La compagnie d’assurance de Zurich a déployé des applications cognitives bâties sur Watson : dans la recherche, les traitements des plaintes, au sein de chatbots qui font office d’assistants virtuels, et auprès des agents du service clients. Pour cela, Swiss Re a mis en place un service de conseil en analytique interne au sein même de la DSI. Cette équipe co-opère avec les métiers pour identifier leurs besoins en matière d’applications cognitives. Ils élaborent ensemble les projets. Ensuite l’équipe analytique développe des PoC qui peuvent aboutir ou être abandonnés. Les projets doivent avoir des retours positifs à ce moment pour qu’ils puissent être déployés en production.

Les entreprises doivent accepter un certain niveau d’échec, si elles veulent ensuite pouvoir en profiter.
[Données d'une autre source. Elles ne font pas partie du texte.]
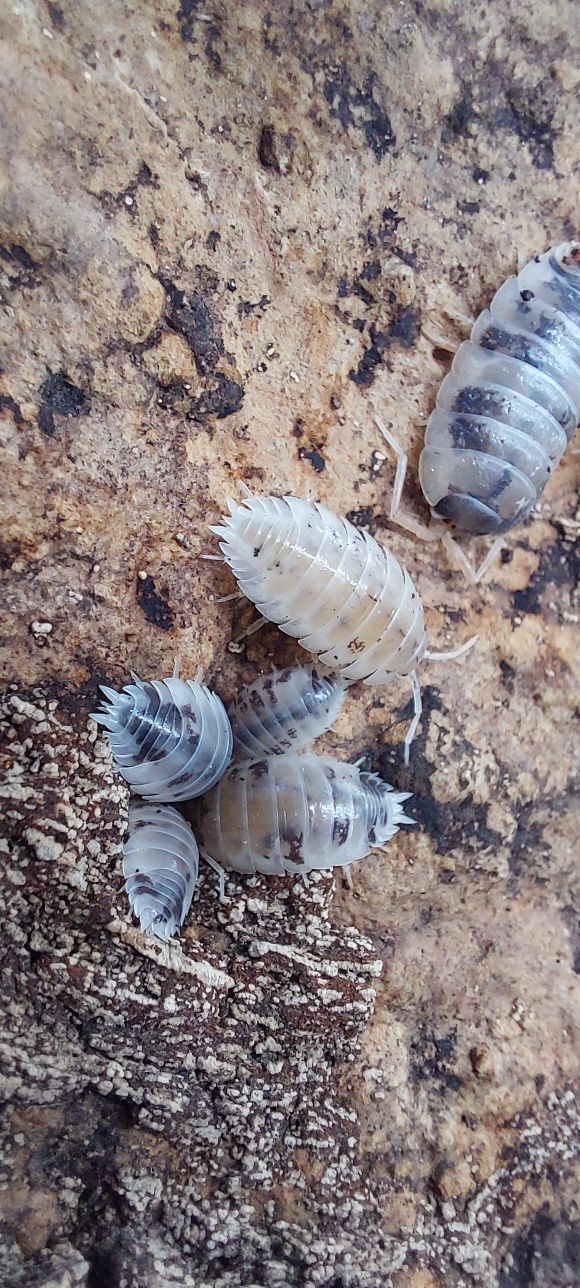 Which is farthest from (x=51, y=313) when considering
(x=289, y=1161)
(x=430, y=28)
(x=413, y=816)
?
(x=289, y=1161)

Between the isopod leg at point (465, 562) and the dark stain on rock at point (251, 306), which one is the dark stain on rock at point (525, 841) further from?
the dark stain on rock at point (251, 306)

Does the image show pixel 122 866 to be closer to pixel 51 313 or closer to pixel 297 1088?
pixel 297 1088

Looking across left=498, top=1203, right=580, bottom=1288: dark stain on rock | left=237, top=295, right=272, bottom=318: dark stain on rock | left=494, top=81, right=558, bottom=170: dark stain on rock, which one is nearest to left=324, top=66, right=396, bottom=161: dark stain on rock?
left=494, top=81, right=558, bottom=170: dark stain on rock

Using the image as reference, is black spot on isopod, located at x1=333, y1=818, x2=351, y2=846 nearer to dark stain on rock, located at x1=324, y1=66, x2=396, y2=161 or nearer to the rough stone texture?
the rough stone texture

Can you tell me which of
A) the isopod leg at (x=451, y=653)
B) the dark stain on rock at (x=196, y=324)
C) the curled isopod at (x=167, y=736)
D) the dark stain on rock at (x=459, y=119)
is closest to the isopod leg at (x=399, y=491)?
the isopod leg at (x=451, y=653)

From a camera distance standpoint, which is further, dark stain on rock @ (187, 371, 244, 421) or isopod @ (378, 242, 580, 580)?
isopod @ (378, 242, 580, 580)

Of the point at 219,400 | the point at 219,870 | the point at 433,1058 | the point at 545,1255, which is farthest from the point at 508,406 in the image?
the point at 545,1255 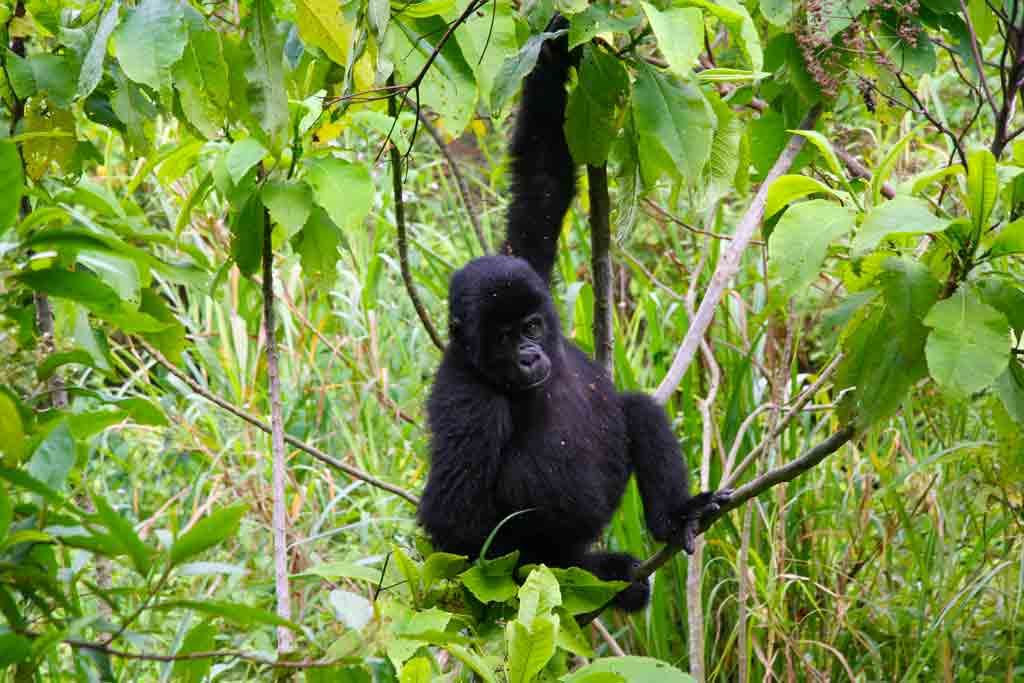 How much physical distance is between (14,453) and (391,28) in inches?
47.7

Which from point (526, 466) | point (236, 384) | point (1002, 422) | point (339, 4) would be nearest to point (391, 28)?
point (339, 4)

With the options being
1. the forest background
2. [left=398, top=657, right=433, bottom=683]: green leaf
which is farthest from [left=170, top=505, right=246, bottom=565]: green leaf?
[left=398, top=657, right=433, bottom=683]: green leaf

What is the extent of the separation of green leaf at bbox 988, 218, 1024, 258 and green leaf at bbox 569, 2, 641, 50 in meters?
0.85

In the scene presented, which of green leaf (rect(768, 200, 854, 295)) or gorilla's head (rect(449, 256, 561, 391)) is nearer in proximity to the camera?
green leaf (rect(768, 200, 854, 295))

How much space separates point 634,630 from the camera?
4367mm

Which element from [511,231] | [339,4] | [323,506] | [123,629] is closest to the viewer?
[123,629]

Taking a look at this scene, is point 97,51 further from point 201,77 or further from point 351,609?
point 351,609

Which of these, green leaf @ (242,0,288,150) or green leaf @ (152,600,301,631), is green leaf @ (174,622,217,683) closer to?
green leaf @ (152,600,301,631)

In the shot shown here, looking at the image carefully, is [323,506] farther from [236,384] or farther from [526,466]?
[526,466]

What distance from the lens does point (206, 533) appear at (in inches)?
56.0

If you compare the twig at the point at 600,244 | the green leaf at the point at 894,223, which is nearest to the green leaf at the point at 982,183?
the green leaf at the point at 894,223

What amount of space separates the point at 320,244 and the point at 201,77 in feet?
2.30

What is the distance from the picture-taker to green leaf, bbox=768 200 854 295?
206cm

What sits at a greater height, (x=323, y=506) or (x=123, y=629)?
(x=123, y=629) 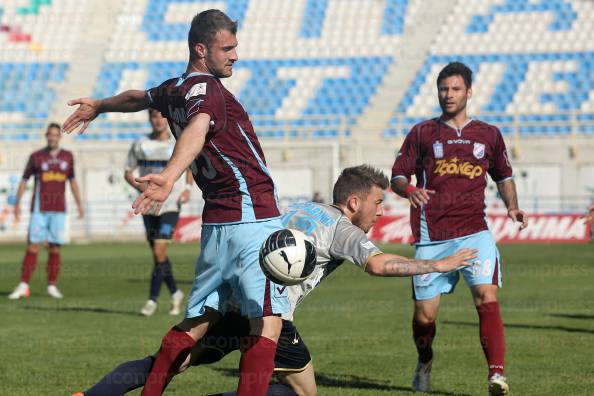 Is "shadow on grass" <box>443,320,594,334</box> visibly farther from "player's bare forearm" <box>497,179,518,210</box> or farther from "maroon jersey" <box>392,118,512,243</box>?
"maroon jersey" <box>392,118,512,243</box>

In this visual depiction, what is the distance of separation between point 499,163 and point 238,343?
289 cm

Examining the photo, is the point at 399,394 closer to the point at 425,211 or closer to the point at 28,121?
the point at 425,211

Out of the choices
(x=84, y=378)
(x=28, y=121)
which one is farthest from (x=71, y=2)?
(x=84, y=378)

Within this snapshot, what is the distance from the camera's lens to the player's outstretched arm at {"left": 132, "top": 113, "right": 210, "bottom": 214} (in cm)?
420

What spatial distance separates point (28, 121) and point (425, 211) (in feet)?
87.2

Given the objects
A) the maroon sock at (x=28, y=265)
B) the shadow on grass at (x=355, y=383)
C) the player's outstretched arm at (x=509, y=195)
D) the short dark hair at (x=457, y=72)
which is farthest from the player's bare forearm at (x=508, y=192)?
the maroon sock at (x=28, y=265)

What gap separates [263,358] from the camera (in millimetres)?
5035

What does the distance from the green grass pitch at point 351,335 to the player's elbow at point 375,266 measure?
2.09 meters

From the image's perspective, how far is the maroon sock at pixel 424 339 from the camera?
7.02 meters

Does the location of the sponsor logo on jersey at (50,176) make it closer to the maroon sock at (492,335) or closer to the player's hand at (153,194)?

Il y a autant de chances que les projets expérimentaux se transforment en de vrais outils ou qu’ils soient de vrais échecs, a souligné Abhijit Singh, en charge de la technologie chez ICICI Bank, lors d’une table ronde. Les entreprises doivent persévérer, même si les résultats immédiats ne sont pas clairs. « Si vous êtes trop focalisé sur le ROI, nous ne ferez jamais rien. »

Abhijit Singh et son équipe ont développé un chatbot pour  le service client à partir d’un système cognitif interne. Ce projet a démarré sous la forme de test et personne ne s’est inquiété des retours, explique-t-il.